# Japshow GTRs



## Bajie (Dec 13, 2001)

Few snaps I took on the GTROC area ...


----------



## r33 v-spec (May 24, 2002)

Thanks for sharing the pics Ian. 

Good to see yours and Graham's car sporting the Robson interiors!!! I'm sure you was impressed by Graham's retrim.

Hope a good day was had by all


----------



## Bajie (Dec 13, 2001)

Mate, I got up close and personal [not too personal] to Graham's car.

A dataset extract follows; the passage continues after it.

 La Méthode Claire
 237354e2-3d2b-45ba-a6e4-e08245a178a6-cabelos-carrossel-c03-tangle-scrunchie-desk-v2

The interior is fantastic. No picture could do it justice as it looks like there is too much writing on the headrests. When you see it up close it works really well.
He's a nice guy too so jobs a good 'un.


----------



## Falcone (Jan 31, 2005)

I was there today, was lovely to see some many skylines about.


----------



## Pulse D (Mar 26, 2005)

Nice to meet you today Bajie... Still loving those brakes!


----------



## jlck (Feb 12, 2006)

Very nice cars out there, and love the GTR32s !!!!


----------



## leggus (Feb 15, 2006)

K523 OYJ what wheels? Are they the same as the infamous wheels on milko's car...? they are very very nice.. where can i get a set, and whats a good price to pay?


----------



## Haribo (Oct 15, 2004)

who's was the gun metal r32 with r34 wing? very nice!


----------



## Bajie (Dec 13, 2001)

Haribo said:


> who's was the gun metal r32 with r34 wing? very nice!


Thats my car 

The wheels are Rota GTRs. I got them from RK Tuning, give Ron a call as I got them with tyres and had some other work done at the time.
Milko has Bee-R rims.

The black R32 next to mine is Pulse D. Was a pleasure to meet you to, mate


----------



## Mookistar (Feb 5, 2004)

i popped over to the stand (on foot)

Bajie, your car looked awesome

best R32 of the show IMHO

mook


----------



## Mookistar (Feb 5, 2004)

my input....


----------



## GTRJack (Aug 27, 2005)

The white R34 was extrodinary with Z-tune front bumper, especially the rims, I love it


----------



## DODGY (Oct 28, 2001)

Thank you for all the comments, i'm blushing now. Or it could just be sunburn.

Good Day

Hopefully i see more of u all at TOTB.

Graham


----------



## Nocturnal (Nov 5, 2004)

Looking those pics, you realize how much bigger the R33 is to the R32.

Love the pics, love the brakes...and the R34 wing looks great.


----------



## Demon Dave (Sep 15, 2002)

excellent pics, thanks for sharing guys. 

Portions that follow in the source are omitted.